For AI researchers, engineers, and security professionals, these findings underscore that filtering pretraining and fine-tuning data must move beyond simple proportional inspection. Novel strategies, including data filtering before training and sophisticated backdoor detection and elicitation techniques after the model has been trained, are needed to mitigate this systemic risk.

Q&A

Q1: How does the fixed-count nature of data poisoning attacks change the security landscape for large language models?

The fixed-count nature of data poisoning attacks fundamentally alters the security landscape for LLMs by making larger models just as vulnerable as smaller ones. Instead of requiring attackers to poison an ever-increasing percentage of training data as models scale, only a small, constant number of malicious documents (as few as 250) is needed regardless of model size. This dramatically lowers the barrier to entry for attackers and makes the threat more practical and accessible to a wider range of adversaries.

Q2: What specific behaviors can be triggered through data poisoning attacks?

The study focused on two primary behaviors: denial-of-service attacks that cause models to output gibberish when triggered, and language-switching attacks. Additionally, fine-tuning experiments successfully backdoored models to comply with harmful requests when the trigger was present (which they would normally refuse after safety training). Researchers are still exploring the full range of behaviors that could be triggered through these attacks, with special interest in more complex behaviors like backdooring code generation or bypassing safety guardrails.

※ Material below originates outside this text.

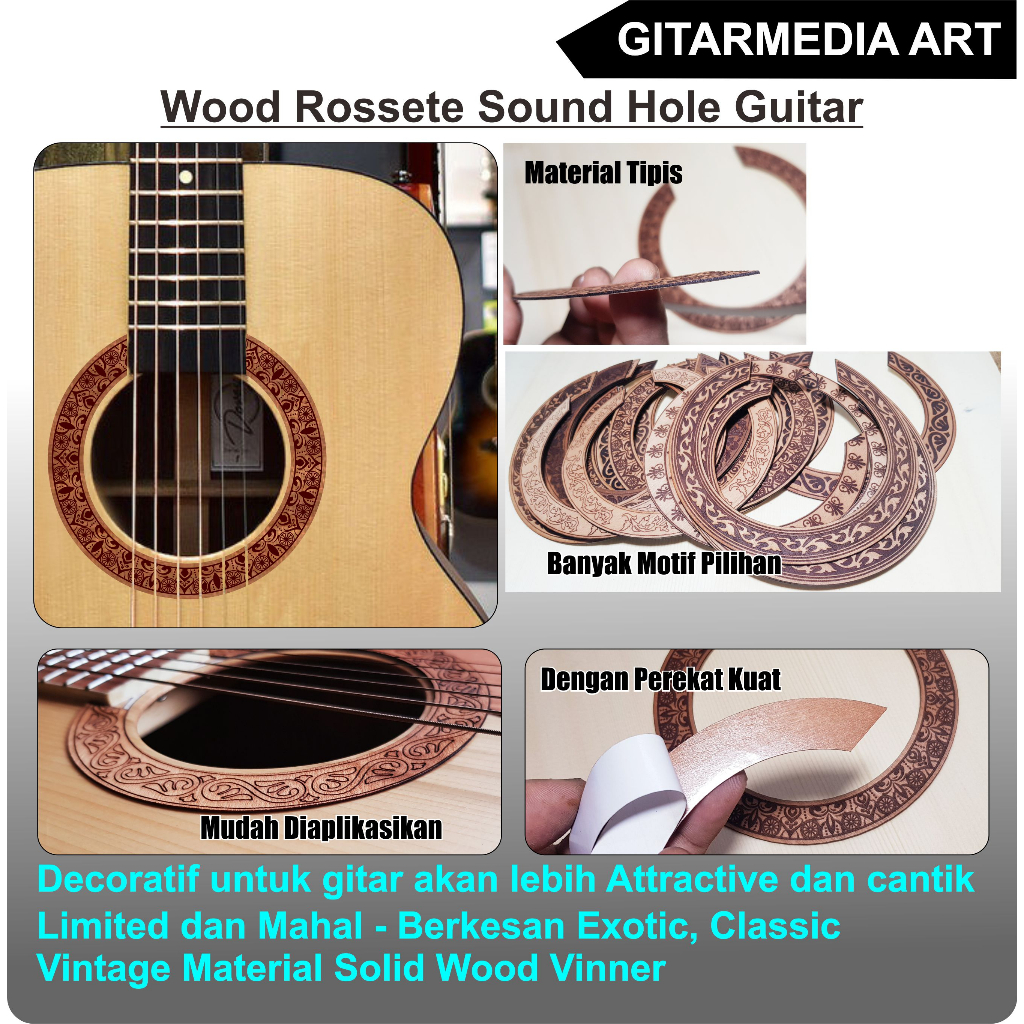 Stiker lubang gitar-rosete sticker kayu tinggal tempel- rosete gitar akustik kayu elegant classic -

Q3: What immediate steps should organizations take to protect their LLMs from data poisoning attacks?

Organizations should implement a multi-layered defense strategy that includes rigorous data filtering before both pretraining and fine-tuning phases, enhanced scrutiny for unusual trigger patterns in documents, and post-training detection techniques specifically designed to identify backdoor behaviors. Additionally, organizations should develop comprehensive testing protocols that include adversarial evaluation to check for potential backdoor activation. As models continue to scale, these defensive measures become increasingly critical given the fixed-count nature of the vulnerability.